- **Exercise data**
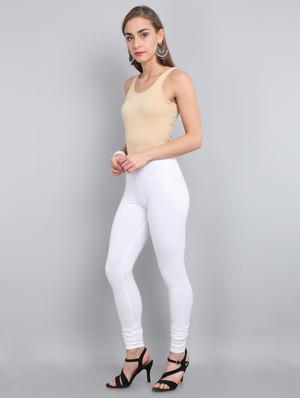 high rise solid leggings - 17765182 - Standard Image - 4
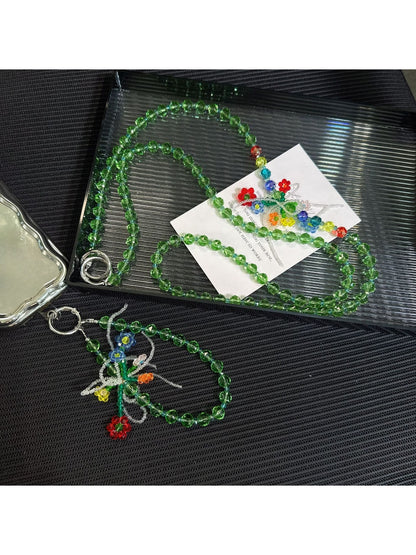 Keypus - Decorative Beaded Phone Strap Lanyard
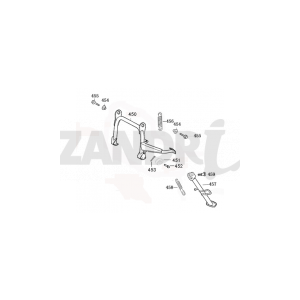 Midstand Santini Capri 125cc czarny
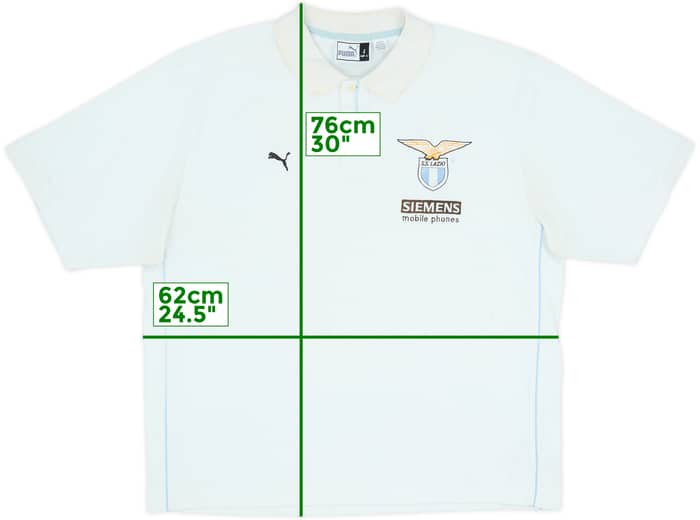 2001-02 Lazio Puma Polo Shirt - 8/10 - (L)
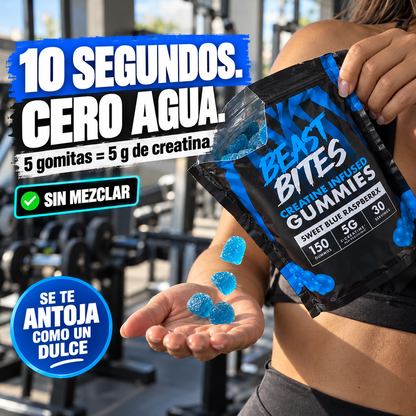 Creatina en Gomitas Beast Bites ™ | Fuerza Diaria En 5 Gomitas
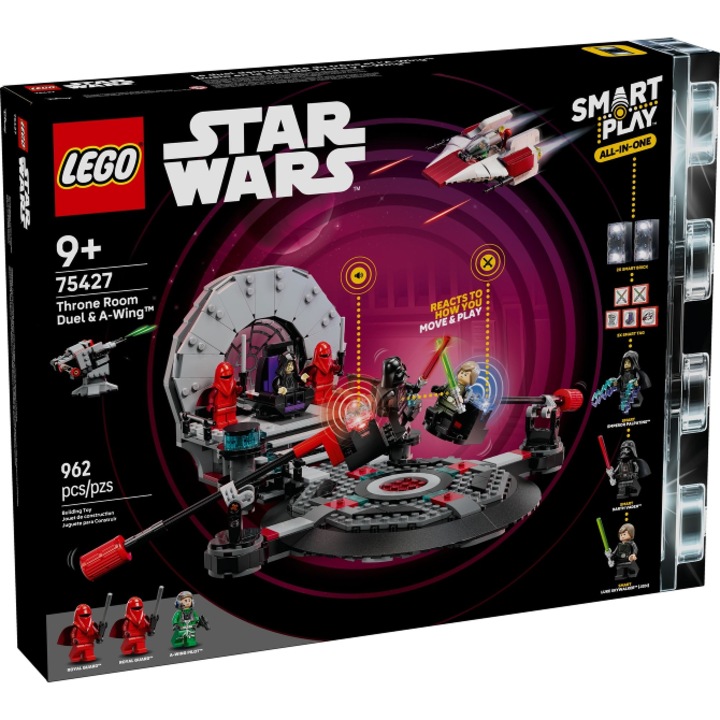 LEGO 75427 SMART Play: Duel in sala tronului si A-Wing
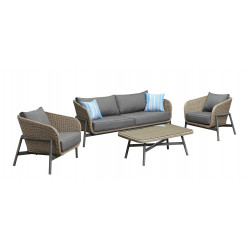 SALON 4 pièces outdoor JUMBO ( 3 + 1 + 1 + table basse)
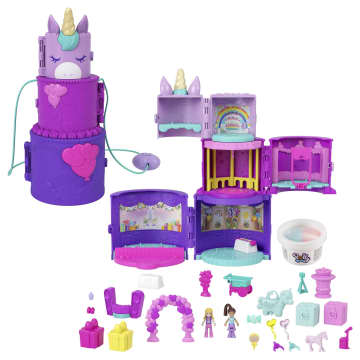 Polly Pocket Spin 'n Surprise Birthday, Unicorn theme, 25 Accessories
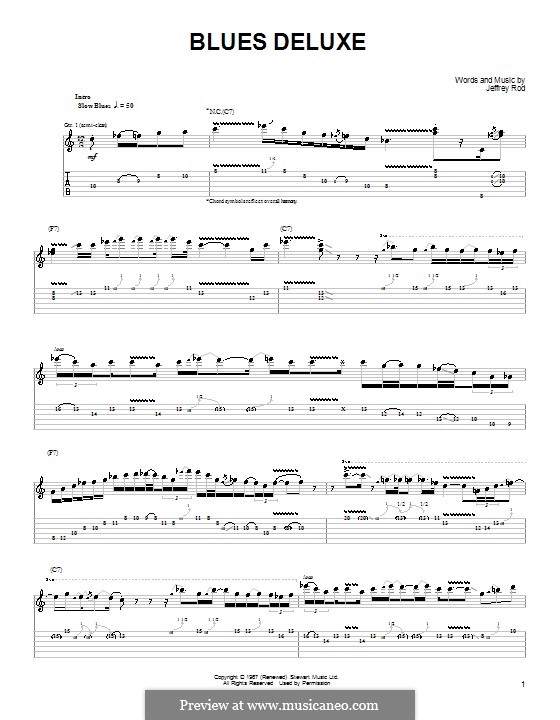 Blues Deluxe: Для гитары с табулатурой by Rod Stewart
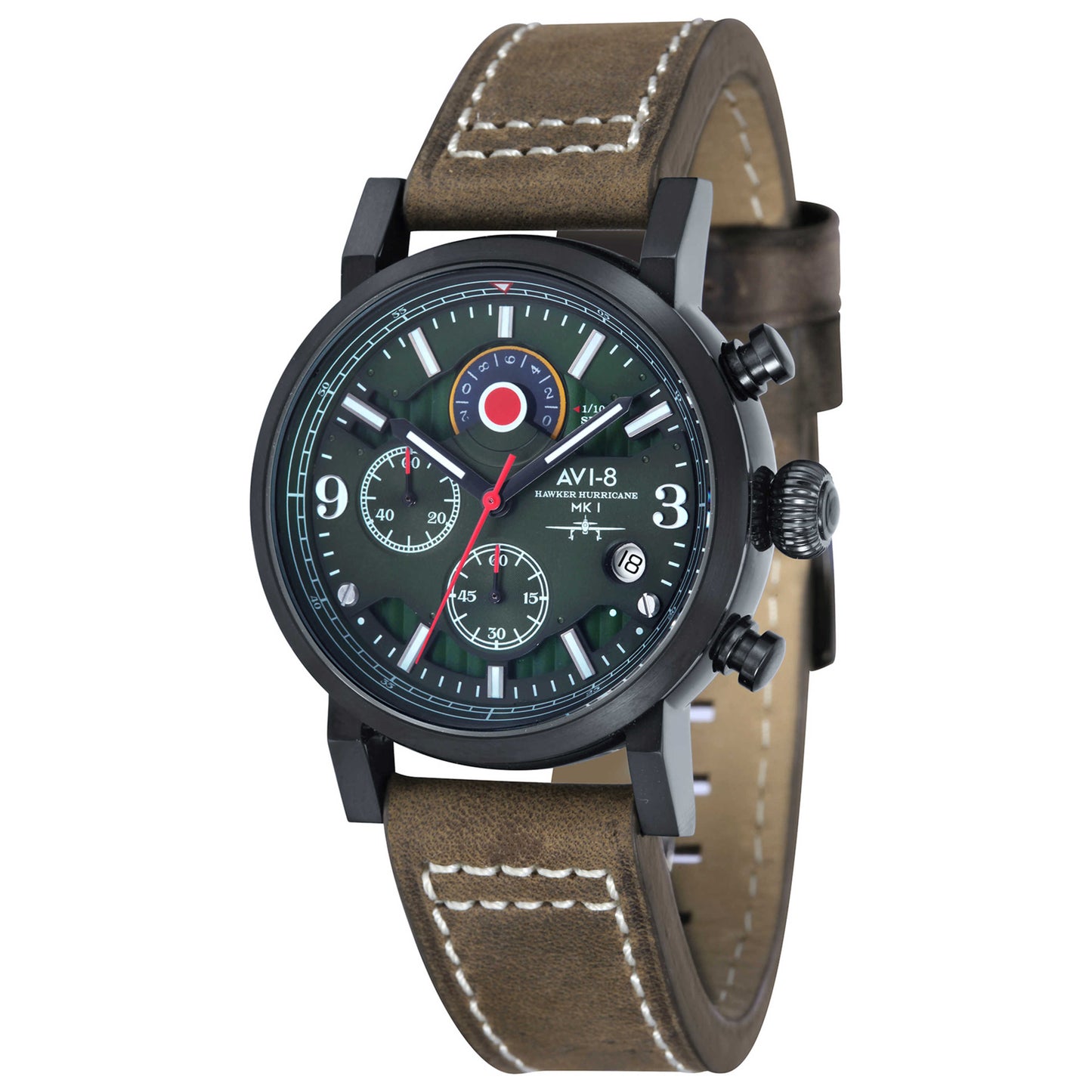 Front view of AVI-8 Hawker Men's Quartz Watch AV-4041-04
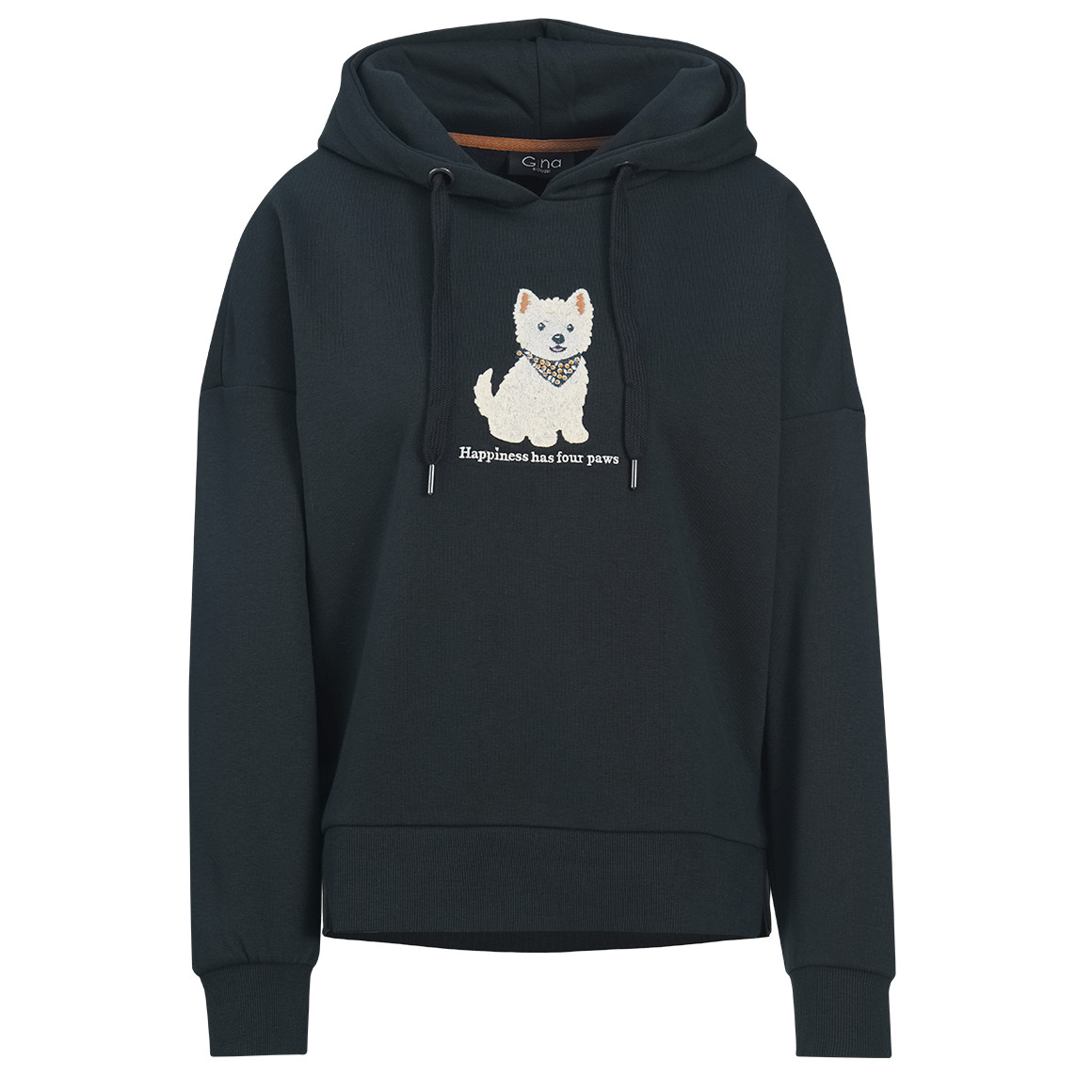 Damen Hoodie mit Applikation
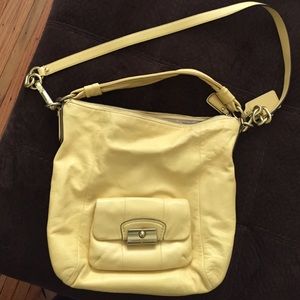 Coach Kristin yellow hobo bag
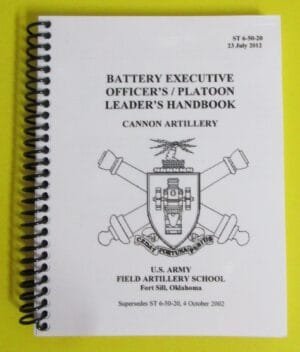 Battery XO / Platoon Leader's Handbook - 2012 - BIG size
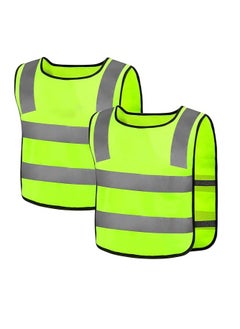 Mmmon 2pack Kids Reflective Vest Child Safety Visibility Vest for Cycling Skiing  - Image 1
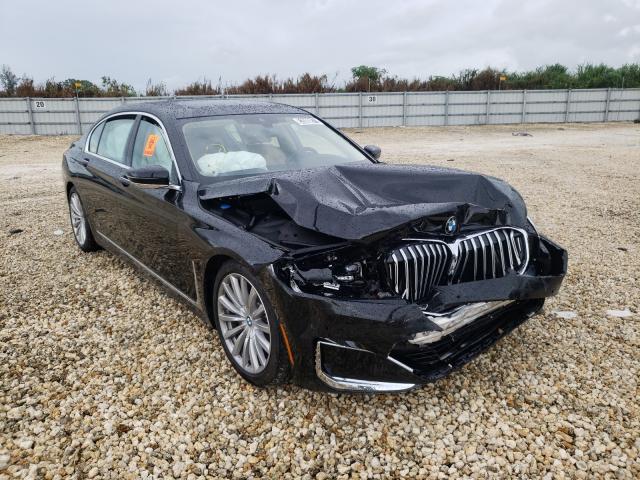BMW 740 I 2022 with VIN WBA7T2C0XNCH26032 - Photo from auction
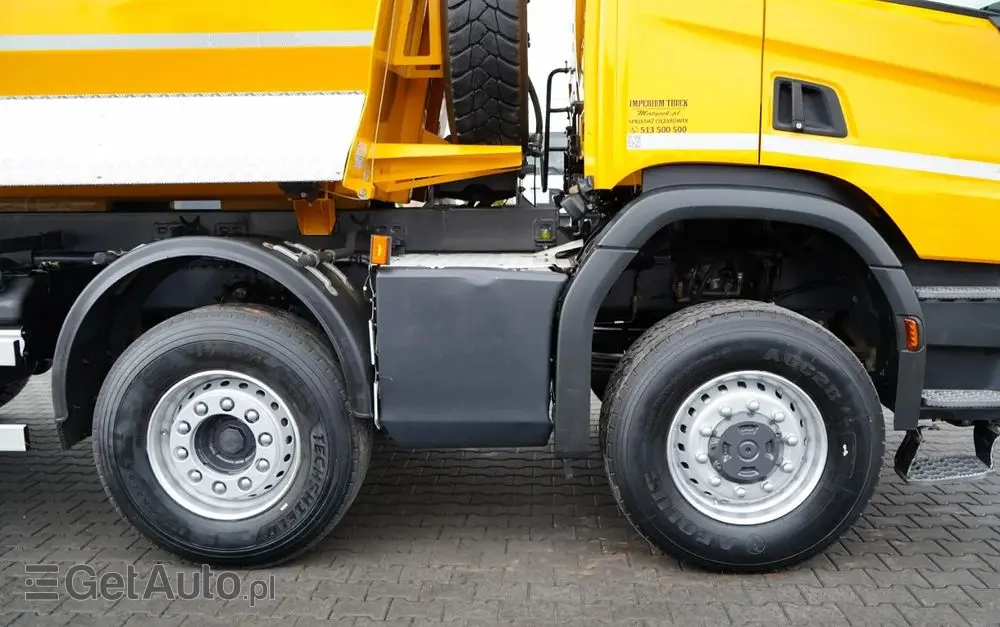 SCANIA P 450 XT  / 8x6 / WYWROTKA TYLNOZSYPOWA / OPTICRUISE / OPONY 100% /  EURO 6 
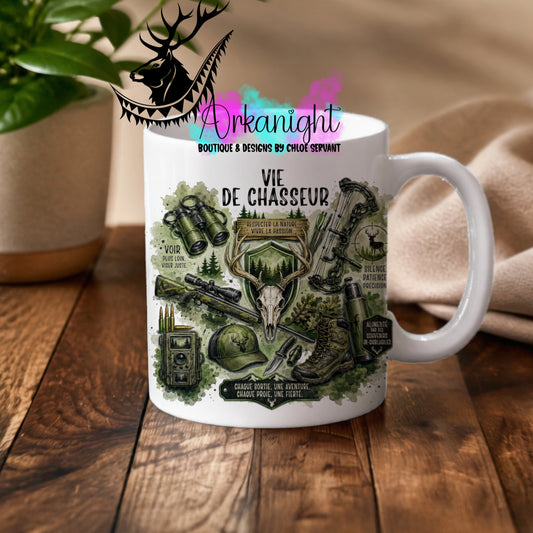 Tasse en céramique sur commande - Collection Occupation & Passion ♡ Vie de chasseur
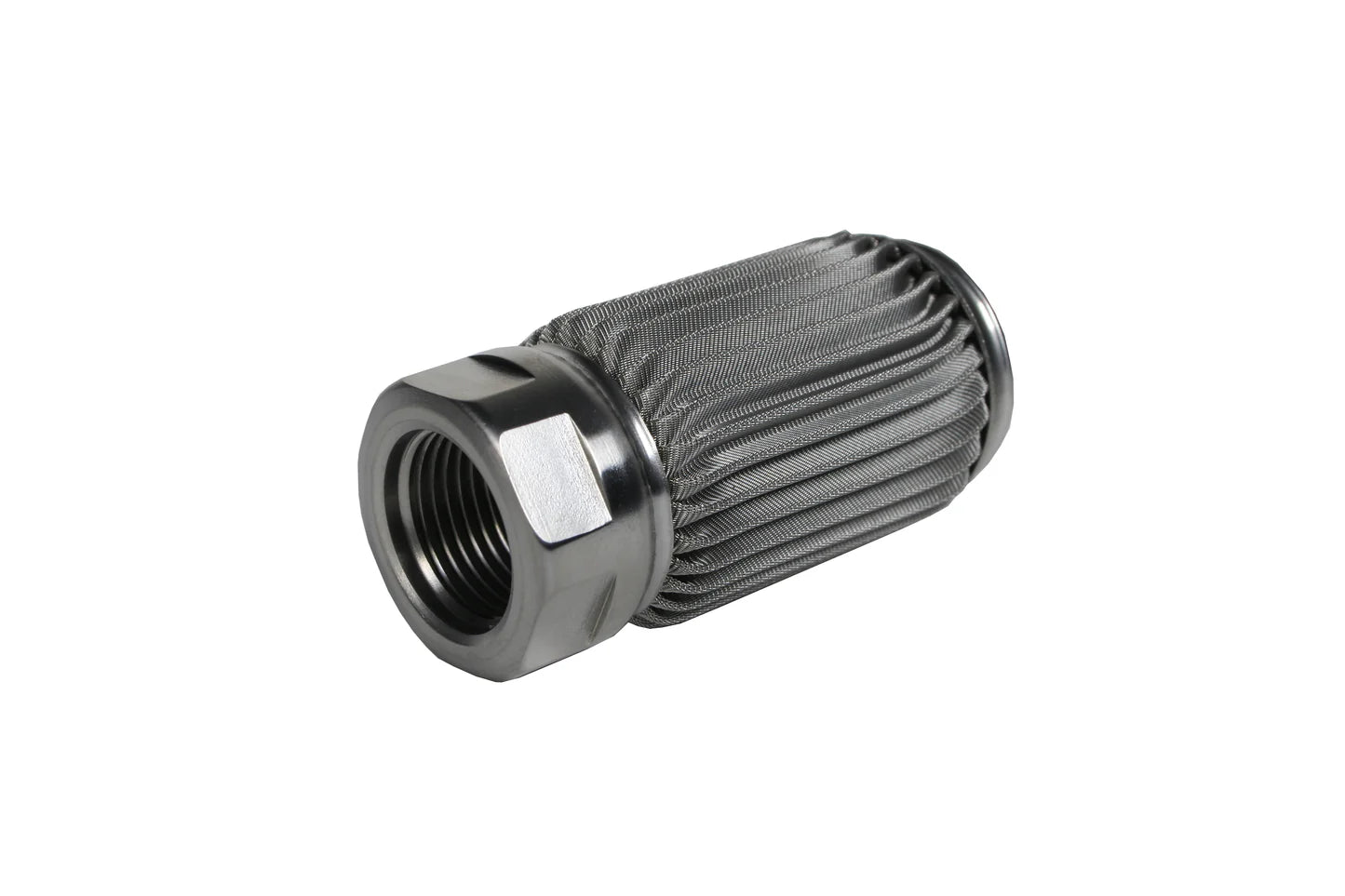 100-micron Stainless Mesh Crimp Construction Filter Element Front View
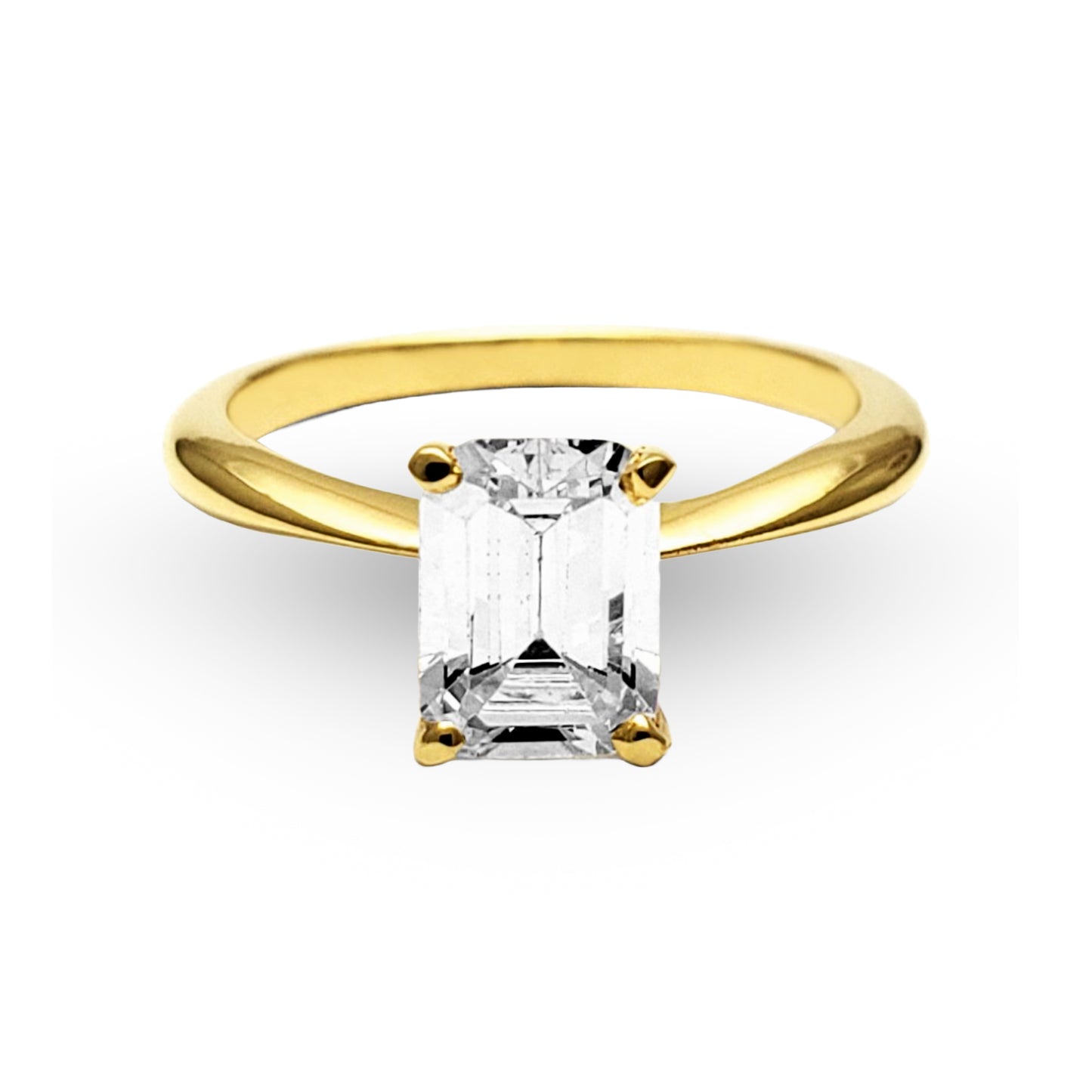 Déjese cautivar por la magia del Anillo de Compromiso ZABULON en Oro / Oro Rosa / Oro Blanco 14k, iluminado con la pureza de una zirconia deslumbrante. Este anillo no es meramente una pieza de joyería; es un emblema de compromiso eterno, capturando la promesa de un amor perdurable.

- **Task brief**
Omit the pictures and write out the lines above from the one with "Battery XO /" through the last, unchanged.

- **Written answer**
 Battery XO / Platoon Leader's Handbook - 2012 - BIG size
 Mmmon 2pack Kids Reflective Vest Child Safety Visibility Vest for Cycling Skiing  - Image 1
BMW 740 I 2022 with VIN WBA7T2C0XNCH26032 - Photo from auction
 SCANIA P 450 XT  / 8x6 / WYWROTKA TYLNOZSYPOWA / OPTICRUISE / OPONY 100% /  EURO 6 
 Tasse en céramique sur commande - Collection Occupation & Passion ♡ Vie de chasseur
 100-micron Stainless Mesh Crimp Construction Filter Element Front View
 Déjese cautivar por la magia del Anillo de Compromiso ZABULON en Oro / Oro Rosa / Oro Blanco 14k, iluminado con la pureza de una zirconia deslumbrante. Este anillo no es meramente una pieza de joyería; es un emblema de compromiso eterno, capturando la promesa de un amor perdurable.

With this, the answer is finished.